Work to complete -
Reproduce the closing run of lines below verbatim, from the line that contains "Women's Rights, Human" up to and including the final line.

Caption-style text data
------------------------------

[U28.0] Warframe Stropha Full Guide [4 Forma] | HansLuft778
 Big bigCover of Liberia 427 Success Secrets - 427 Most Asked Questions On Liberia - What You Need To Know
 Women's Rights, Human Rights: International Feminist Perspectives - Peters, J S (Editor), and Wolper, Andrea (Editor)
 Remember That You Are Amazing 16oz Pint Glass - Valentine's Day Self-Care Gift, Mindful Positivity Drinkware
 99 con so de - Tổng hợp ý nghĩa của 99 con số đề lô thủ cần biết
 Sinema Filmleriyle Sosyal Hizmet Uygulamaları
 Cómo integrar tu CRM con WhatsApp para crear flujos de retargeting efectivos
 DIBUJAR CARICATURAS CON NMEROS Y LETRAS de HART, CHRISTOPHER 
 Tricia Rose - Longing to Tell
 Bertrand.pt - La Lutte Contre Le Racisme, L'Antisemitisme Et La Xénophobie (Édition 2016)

------------------------------

Answer to this problem -
 Women's Rights, Human Rights: International Feminist Perspectives - Peters, J S (Editor), and Wolper, Andrea (Editor)
 Remember That You Are Amazing 16oz Pint Glass - Valentine's Day Self-Care Gift, Mindful Positivity Drinkware
 99 con so de - Tổng hợp ý nghĩa của 99 con số đề lô thủ cần biết
 Sinema Filmleriyle Sosyal Hizmet Uygulamaları
 Cómo integrar tu CRM con WhatsApp para crear flujos de retargeting efectivos
 DIBUJAR CARICATURAS CON NMEROS Y LETRAS de HART, CHRISTOPHER 
 Tricia Rose - Longing to Tell
 Bertrand.pt - La Lutte Contre Le Racisme, L'Antisemitisme Et La Xénophobie (Édition 2016)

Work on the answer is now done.